In the listing, locate the line containing "A man wearing", then quote it and all following lines exactly. Omit pictures.

☆ ☆ ☆ ☆ ☆

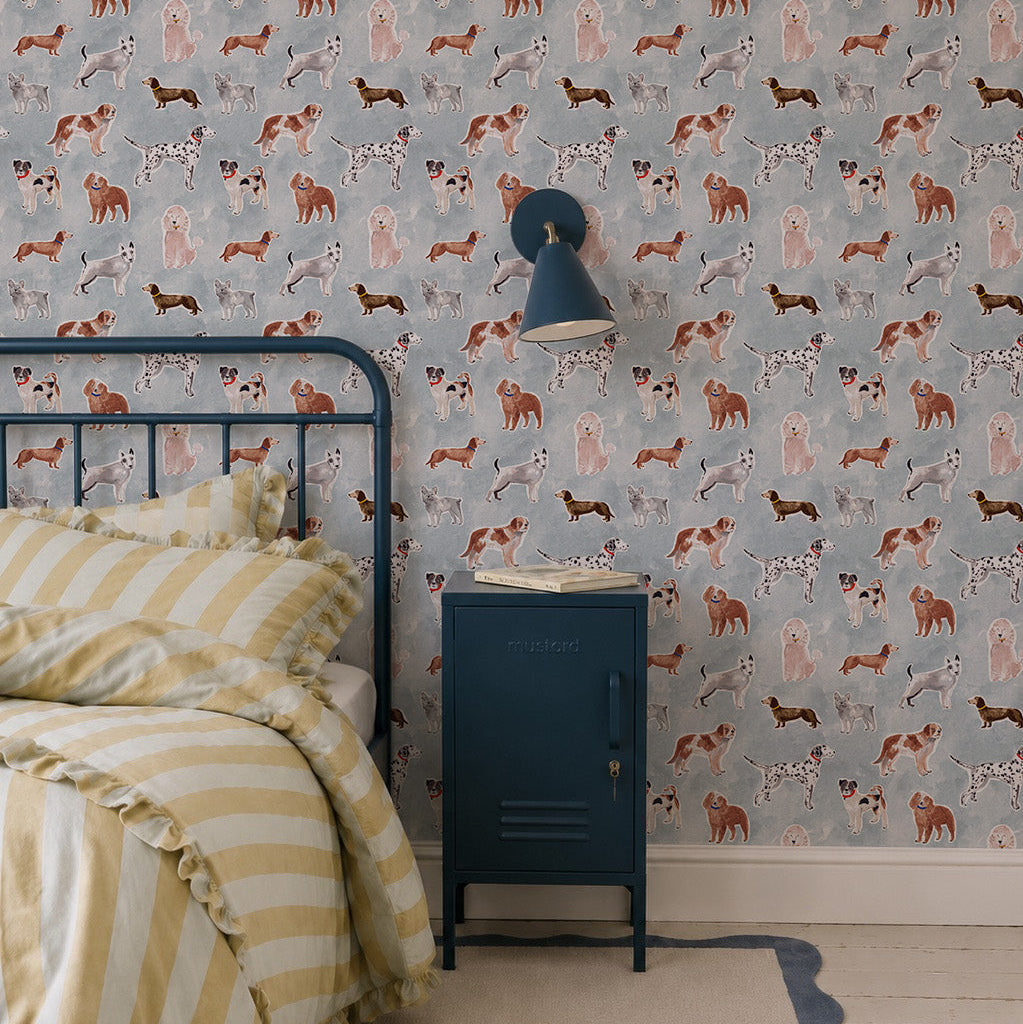 A cozy bedroom features a metal-framed bed, yellow and white striped bedding, a blue nightstand, a wall lamp, and cheerful Rigby Dog Print Wallpaper in blue on a gray background.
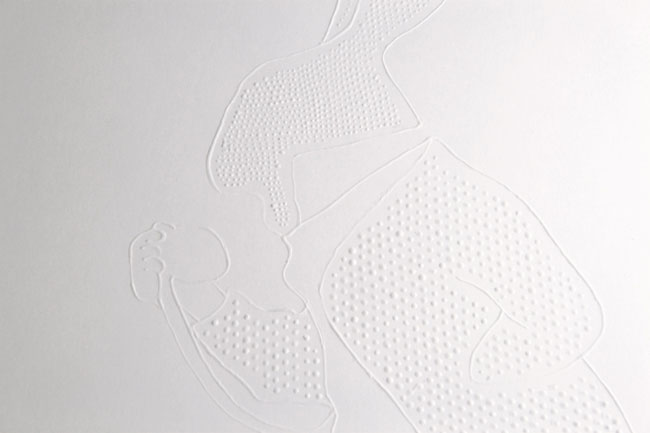 A white surface features a raised, textured pattern resembling a three-dimensional design. The pattern consists of small, closely spaced dots or bumps arranged in a grid-like formation. Curved lines and shapes are etched into the surface, creating a sense of depth and dimension. The background is a plain, light gray or off-white color, providing a neutral contrast to the white design.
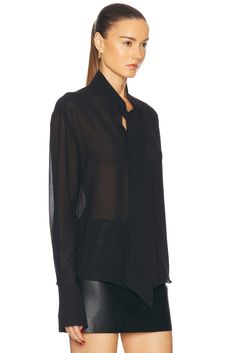 Self: 100% polyester, Trim: 92% polyester 8% spandex.  Made in China.  Hand wash.  Front button closure.  .  .  .  .  .  .  .  .  .  .  .  . Chic Office Tops With Hidden Button Closure, Modern Button-up Tops With Hidden Button Closure, Modern Tops With Concealed Placket, Sleek Fitted Tops With Concealed Placket, Sleek Long Sleeve Tops With Hidden Button Closure, Sleek Long Sleeve Top With Hidden Button Closure, Sleek Long Sleeve Top With Hidden Buttons, Elegant Black Blouse With Shirttail Hem, Sleek Fitted Collared Top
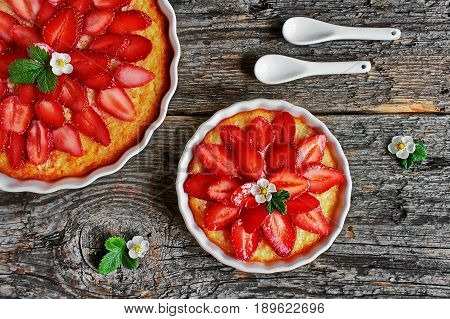 cheesecake with strawberries and fresh flowers, strawberries on a wooden table - right side view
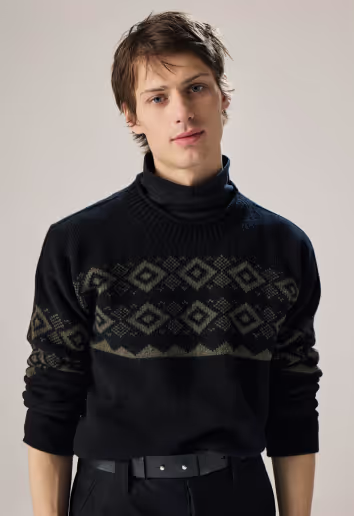 A man wearing a navy blue turtleneck sweatshirt with the sleeves rolled up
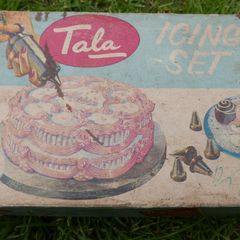 Vintage Tala icing tube with attachments c 1950s England preowned in the original box with instructions.
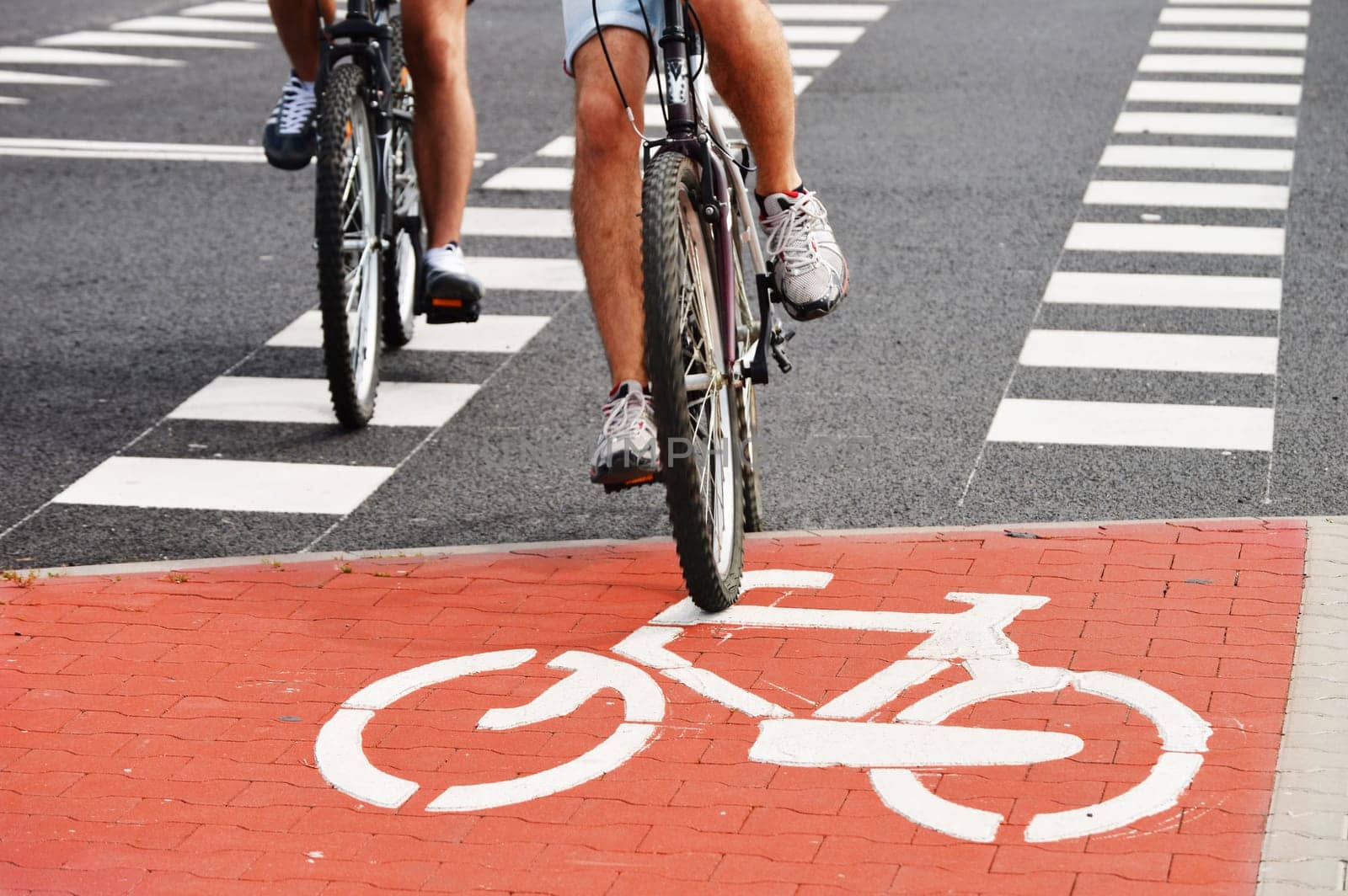 Bicycle road sign and bike riders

☆ ☆ ☆ ☆ ☆

RESPONSE.
 A man wearing a navy blue turtleneck sweatshirt with the sleeves rolled up
 Vintage Tala icing tube with attachments c 1950s England preowned in the original box with instructions.
 Bicycle road sign and bike riders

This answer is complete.